Fix specification typos, grammar, inconsistencies, and errors#572
Closed
iemejia wants to merge 4 commits into
Closed
Fix specification typos, grammar, inconsistencies, and errors#572iemejia wants to merge 4 commits into
iemejia wants to merge 4 commits into
Conversation
- BloomFilter.md: Fix block_check pseudocode (setBit -> isSet)
- BloomFilter.md: Fix struct name to match thrift (BloomFilterHeader)
- parquet.thrift: Fix typos ("to be be", "documention", "not necessary")
- parquet.thrift: Remove off-by-one in DataPageHeaderV2 is_compressed comment
- README.md: Fix repetition level value for non-nested columns (1 -> 0)
- README.md: Update defunct Twitter Code of Conduct links to ASF
- LogicalTypes.md: Fix embedded types ordering contradiction
- LogicalTypes.md: Add nanosecond to TIME precision description
- VariantEncoding.md: Fix BINARY -> BYTE_ARRAY for equivalent Parquet type
- VariantEncoding.md: Add note on decimal little-endian vs big-endian difference
- Compression.md: Fix ZSTD RFC reference (8478 -> 8878)
- Encryption.md: Fix double-negative and align GCM invocation limit to NIST
- Encodings.md: Remove misleading "always preferred" claim for DELTA_LENGTH_BYTE_ARRAY
…ions
Round-2 cleanup pass over the spec docs. Highlights:
Bugs / clear errors:
- PageIndex.md, parquet.thrift: fix ""Blart Versenwald III" double-quote typo
- VariantShredding.md: fix Python syntax error (`: Variant:` -> `-> Variant:`)
- VariantShredding.md: replace BINARY with BYTE_ARRAY (BINARY is not a Parquet
physical type); fix `,` -> `:` inside a JSON-like literal in a table cell
- BloomFilter.md: include missing `bloom_filter_length` field in the
ColumnMetaData snippet (it exists in parquet.thrift)
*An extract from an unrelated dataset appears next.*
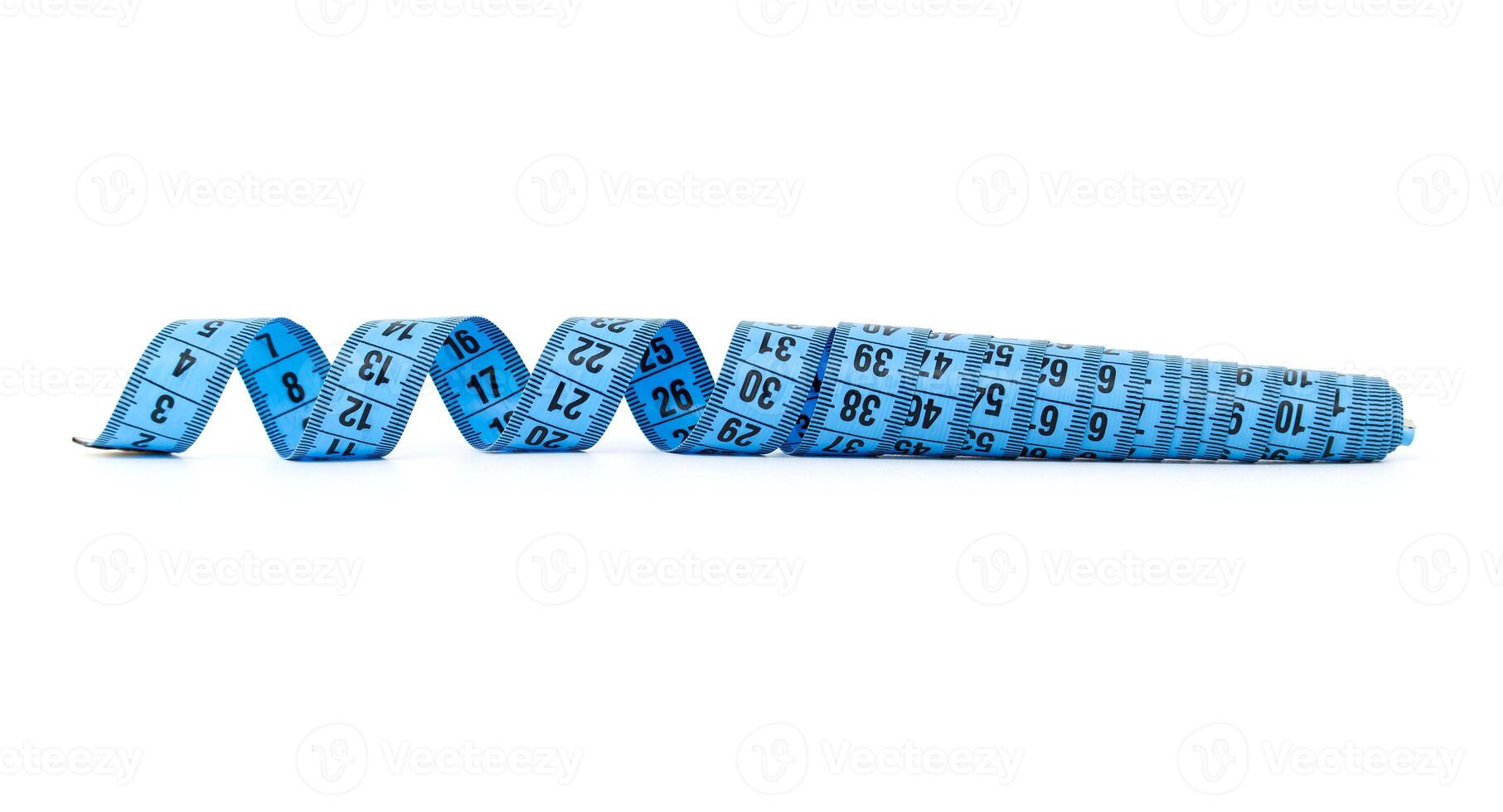 Close-up of blue measuring tape isolated on white background showcasing numbers photo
- Encodings.md: "bitwidth of each block" -> "each miniblock" in
DELTA_BINARY_PACKED description
- README.md: add missing colon and code formatting in BIT_PACKED/RLE sentence
- LogicalTypes.md: fix TIME unit list punctuation, "Despite there is" grammar
Cross-document consistency:
- LogicalTypes.md: align DECIMAL precision/scale wording with parquet.thrift
("should" -> "must")
- Geospatial.md: use uppercase edge-interpolation algorithm names
(SPHERICAL/VINCENTY/...) to match parquet.thrift enum and LogicalTypes.md
- Geospatial.md: make srid: prefix consistent (lowercase example)
- VariantEncoding.md, VariantShredding.md: use `INT(N, true)` notation
consistent with LogicalTypes.md syntax
- VariantEncoding.md: make sorted_strings description consistent across the
three places it is defined
- Encodings.md: PLAIN BOOLEAN no longer links to the deprecated MSB-first
BITPACKED section; references the RLE/bit-packing hybrid section instead
- parquet.thrift: disambiguate `compressed_page_size` comment in PageLocation
(it includes the header; the field of the same name on PageHeader does not)
Coherence/clarity:
- VariantEncoding.md: label undocumented reserved bits in metadata header,
object value_header, and array value_header diagrams
- VariantEncoding.md: fix decimal implied-precision formula for val <= 0
- Encodings.md: BIT_PACKED is already replaced, not "will be replaced"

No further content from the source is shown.